I mean you’re right but that’s exactly his point and it’s why he is criticizing misclassification loss, since there we would only be looking at absolute values. It’s also the reason he proposes cross-entropy loss and it automatically addresses your concerns as well.
@9:40 - MIS-CLASSIFICATION LOSS -- R being REGION , and given Class Count is CAPITAL-C , num classes = CAPITAL-C , he has defined - p-hat-c to be the proportion of examples in Region R , which are of Class NotCapital-C .
shouldn't the cross entropy loss at 20:00 be the negative sum of y log p(hat), where y is its true classification? I'm not sure why p hat appears twice in this equation
These days the level of presentations is so good thanks to opencoursewares. Even videos prepared by some random dudes is quite good due to high efforts in preparing and refining them. This particular lecture might look a little on the downside of today's standards but come on it is still pretty descent. I am pretty sure he would also improve after this, after all experience and practice is the only way
@@nagendranaidu1933 I would recommend Kilian Weinberger, he's a professor at Cornell and has a youtube channel with all his machine learning lectures. He's an excellent teacher, one of the best, imo.
I got a high level understanding of DTs but it stayed too qualitative and hand wavy. Add to it the confusion of the first few minutes, there's little to take away in the entire lecture.
As a PhD student who has taught lectures for my advisor, I will say that sometimes it doesn't matter how much you prepare for the lecture, you will stumble a bit. It's certainly not an amazing lecture, but your comment isn't helpful and only seems ignorant.
@@mrpotatohed4 Providing feedback is absolutely paramount to improve performance. This is helpful for both the lecturer and the students. I would have explained it better and in a much more clearer way if I had spent even half a day learning about it from scratch but this is just pathetic at best.
Why is the L(R_1) + L(R_2) = 100 + 0 at 14:50? I thought that p-hat-c is the proportion of examples in R that are of class C, not the actual number of examples in class C. Based on the misclassification loss definition L(R_1) + L(R_2) = (1 - 700/800) + (1 - 200/200) = 0.125 and L(R_1') + L(R_2') = (1 - 400/500) + (1 - 500/500) = 0.1.
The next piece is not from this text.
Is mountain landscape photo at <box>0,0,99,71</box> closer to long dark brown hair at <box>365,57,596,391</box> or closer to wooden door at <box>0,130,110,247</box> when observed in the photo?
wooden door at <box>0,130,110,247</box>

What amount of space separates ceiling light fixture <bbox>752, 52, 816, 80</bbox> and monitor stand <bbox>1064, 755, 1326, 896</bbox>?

Actually I think you're right,your answer is same as the lecture note of Decision Trees, CS229, 2021
He simply omitted the denominator, 1-700/800 ==> 100/800 ; 1-400/500 ==> 100/500; Not defending him, just explaining his thinking process, but precisely, your calculation is the precise.
I think in this case he is talking about absolute nos of example that they have gotten wrong. Btw you are right it is a bit confusing what he is talking about.
Also please refer to 25:30 in this lecture. He calculates the p(hat) instead of the absolute loss.
Yeah it’s what @tariqkhan1518 said, we are only looking at the absolute values at that point since this is also his main argument to instead use a different measurement later on
He defines the classification loss as L(R) = 1 - max(p^c) (over all c in C classes) at 10:19. Next, he defines L(parent) -sum(L(children)) , initially stating that it needs to be minimized at 12:05 but later changing it to be maximized at 18:46.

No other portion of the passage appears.